Lo scenario è molto più serio di quello che passa per i mezzi di comunicazione, perché oltre alla distruzione, ciò che non si riesce a rendere con le immagini è il senso di precarietà, di impotenza, di incertezza, è la sensazione del cuore in gola ogni dieci minuti, ad ogni piccola scossa. E’ quello che si prova a vedere cadere le case – frutto dei risparmi di una vita, quelle con i mutui appena fatti, quelle edificate da dieci anni, quelle dei nonni che hanno visto intere generazioni nascere e crescere… -, i capanonni, i simboli dei nostri paesi distrutti (le torri, i campanili, le piazze).
Io davvero mi ritrovo senza parole. Ci sono paesi completamente a terra, aziende distrutte, danni economici incalcolabili e non solo per le nostre zone, ma anche per l’economia del Paese. Delle nostre 35 parrocchie, più di una ventina sono compromesse in modo definitivo – il Duomo di Mirandola è crollato, quello di Carpi a rischio crollo -, altre sono inagibili; le persone dormono ovunque, basta che non sia in casa, i parchi della città sono diventati campeggi, chi può è andato via, lontano, ha messo kilometri di distanza. Il numero dei morti è cresciuto nello scorrere delle ore, credevamo di esserci fermati il 20 maggio con questo macabro conteggio, invece nella giornata di ieri il numero è cresciuto di ora in ora: mamme e papà, lavoratori, e in ultimo anche don Ivan, parroco di Rovereto, arrivato nella nostra diocesi dalla Lombardia, fidei donum da vent’anni, sensibile e vicino agli emarginati, ai carcerati, ai poveri.

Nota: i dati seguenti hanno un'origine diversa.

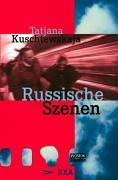 Russische Szenen. Reportagen aus Rußland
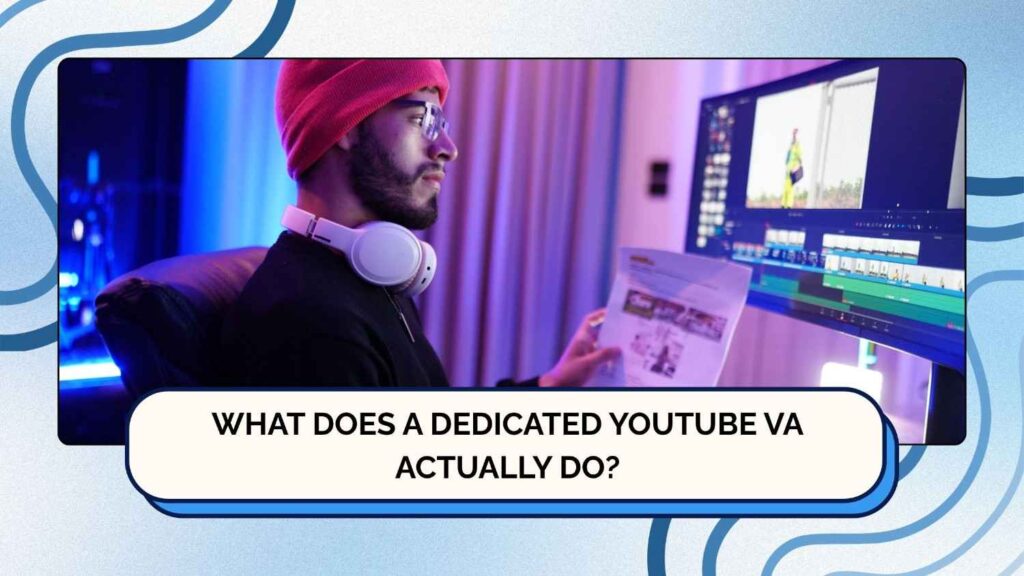 What does a dedicated YouTube VA actually do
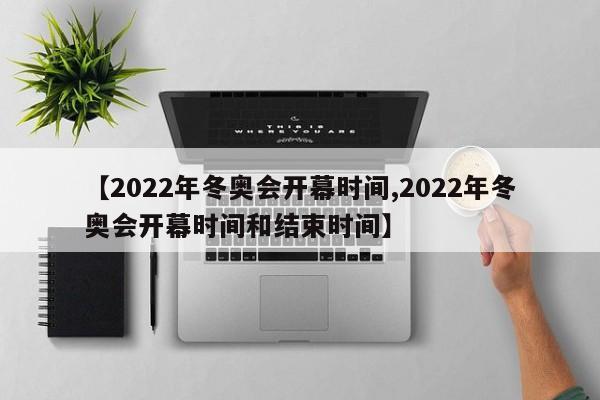 【2022年冬奥会开幕时间,2022年冬奥会开幕时间和结束时间】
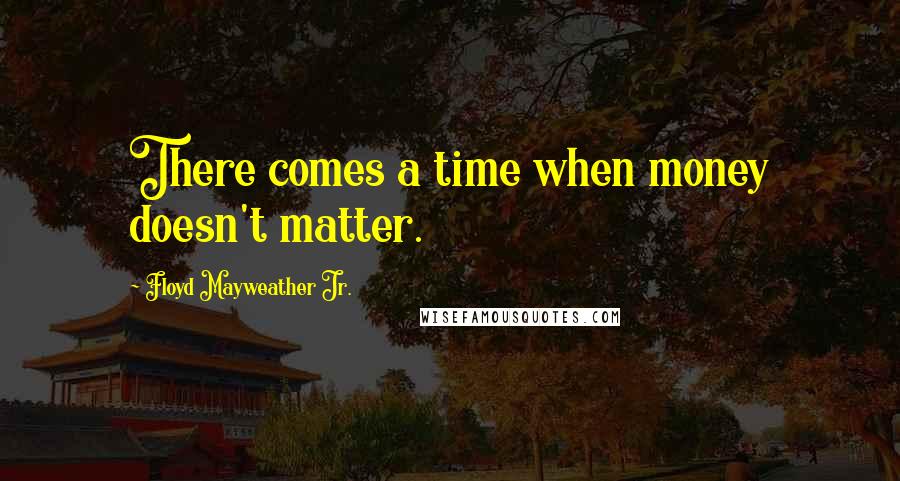 Floyd Mayweather Jr. Quotes: There comes a time when money doesn't matter.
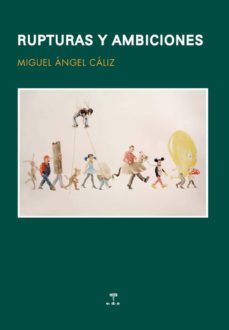 Pdf libros descargables RUPTURAS Y AMBICIONES (Literatura española) de MIGUEL ANGEL CALIZ 9788492821228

Sono senza parole, siamo senza parole. Alle tante telefonate ed email che abbiamo ricevuto dagli amici di tutta Italia, a coloro che hanno offerto disponibilità all’aiuto ho risposto che ancora non so che cosa si può fare, fino a un paio di giorni fa si iniziava a organizzare qualcosa, ma la scossa di martedì mattina ci ha fatto ripiombare nell’emergenza.
Piano piano capiremo e sicuramente ci organizzaremo. Ma intanto una cosa è certa, questo nostro vuoto di parole, è stato riempito con tante parole di amicizia e di affetto che scaldano il cuore, che rinfrancano, che danno conforto. In questi giorni di emergenza e di tanta sofferenza le vostre parole hanno colmato il nostro silenzio, il nostro essere sbigottiti, e questo è un aiuto che non ha prezzo, e di cui vi siamo grati.
Diceva Vittorio Bachelet che l’associazione deve «essere in questa società incerta e inquieta […] una forza di speranza e perciò una forza positiva capace di costruire nel presente, per l’avvenire». Nel presente, per l’avvenire, il primo aiuto che l’associazione può dare è quello dell’affetto, della preghiera, della vicinanza, e sappiamo che questo aiuto non c’è nemmeno bisogno di chiederlo! Grazie!